Nx is a build system and monorepo management tool that helps you develop, test, and build multiple projects within a single repository. It extends the capabilities of the Angular CLI but now works seamlessly with React, Node.js, Next.js, NestJS, Vue, and many other frameworks and libraries. Nx provides:

  • Project Graph: A dependency graph that shows exactly how your projects relate to each other. Nx understands which projects depend on which, and it can determine the minimal set of affected projects for any change.
  • Task Orchestrator: Run tasks (build, test, lint, serve) across your projects in parallel, in order, or with custom scheduling. Nx automatically caches task results, so if nothing has changed, the task is effectively instant.
  • Smart Rebuilds and Retesting: The affected command runs tasks only on projects that have changed since a given base commit, dramatically speeding up CI pipelines.
  • Generators and Executors: Scaffold new projects, libraries, and components with consistent structure. Executors allow you to run custom commands (e.g., a Python simulation or a solver invocation) as first‑class Nx tasks.
  • Distributed Caching with Nx Cloud: Share task caches across your team and CI agents, avoiding redundant work.

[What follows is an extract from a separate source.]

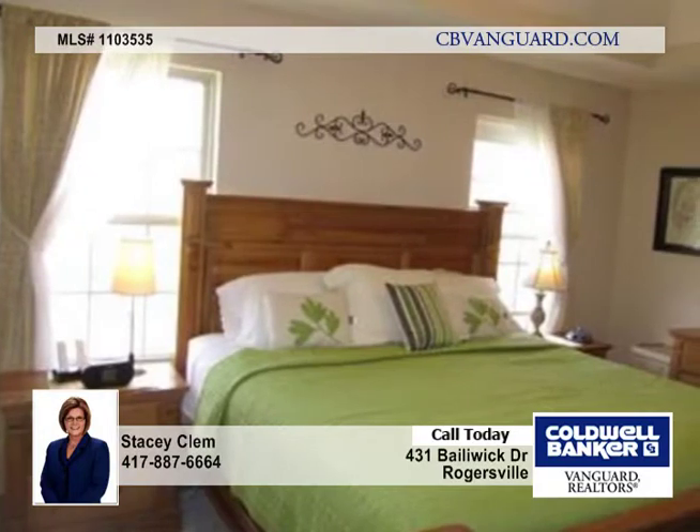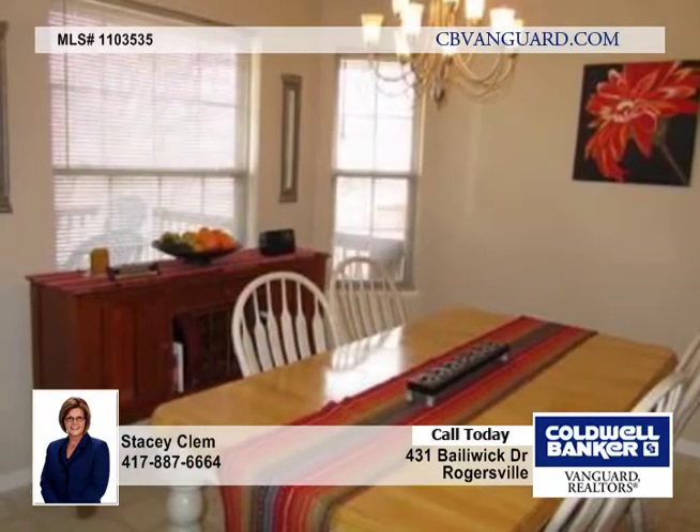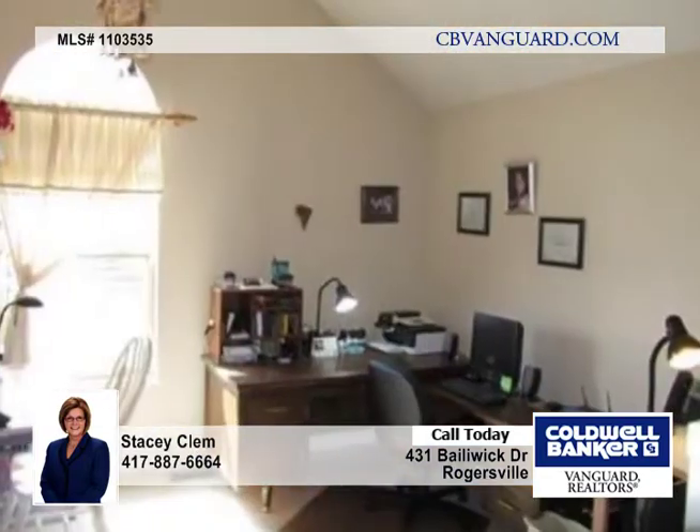The great finished basement has a large family room area that's carpeted, and the spacious recreational area has ceramic tile, as well as two bedrooms — one has no window — with a full bath in between.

For MDO projects, the key features are the dependency graph, the caching mechanism, and the ability to mix multiple languages and build tools within a single workspace. Nx treats every discipline as a project or library, respecting its unique requirements while providing a unified interface for orchestration.

Key Benefits of Using Nx for MDO Projects

Centralized Management and Dependency Tracking

In a traditional MDO setup, each discipline might maintain its own repository, script suite, and data files. Synchronizing changes becomes a manual, error‑prone process. With Nx, all disciplines live in one monorepo. The project graph gives you a live map of interdependencies: an aerodynamic analysis library may depend on a shared geometry library; a structural optimization tool may depend on both. When the geometry library changes, Nx instantly knows which other modules need to be rebuilt or retested.

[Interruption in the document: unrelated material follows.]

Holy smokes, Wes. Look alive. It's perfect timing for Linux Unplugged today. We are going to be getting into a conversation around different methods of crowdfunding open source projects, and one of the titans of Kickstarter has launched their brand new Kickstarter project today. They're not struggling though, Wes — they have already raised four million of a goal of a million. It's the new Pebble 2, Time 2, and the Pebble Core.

Enhanced Collaboration Across Teams

Engineers from different backgrounds can work in a shared environment without stepping on each other’s toes. Tag‑based constraints allow you to define boundaries – for example, “a structures project cannot depend on an aerodynamics library directly unless through a public interface.” Nx’s lint rules enforce these boundaries, preventing accidental coupling. Code reviews become simpler because the monorepo provides a single source of truth, and the affected commands help reviewers focus only on the changed portions.

Scalability for Large‑scale Optimization

MDO projects often involve hundreds of modules, thousands of files, and complex simulation chains. Nx is built to handle monorepos with tens of thousands of projects. Its caching mechanism works per‑task and per‑file, so even if you have many disciplines, you rarely run the same computation twice. Parallel task execution (using nx run-many --parallel) fully utilizes multi‑core machines and CI clusters.

Built‑in Tooling for Quality and Automation

Nx ships with integrated testing (Jest, Cypress, Playwright), linting (ESLint), and formatting (Prettier). For MDO, these tools can be applied not only to code but also to configuration files, simulation inputs, and even validation scripts. You can, for instance, create an Nx executor that runs a regression test on an aerodynamic solver’s output. This ensures that optimizations don’t introduce regressions.

Computation Caching – A Game Changer for Iterative Optimization

MDO is inherently iterative. An optimization algorithm may request dozens or hundreds of design evaluations. With Nx’s caching, if a discipline’s code or input hasn’t changed, its previous output is reused without rerunning the solver. This is especially powerful when different optimization cycles share common intermediate results. The cache can be local or distributed via Nx Cloud, so even parallel optimization runs across multiple CI agents can share results.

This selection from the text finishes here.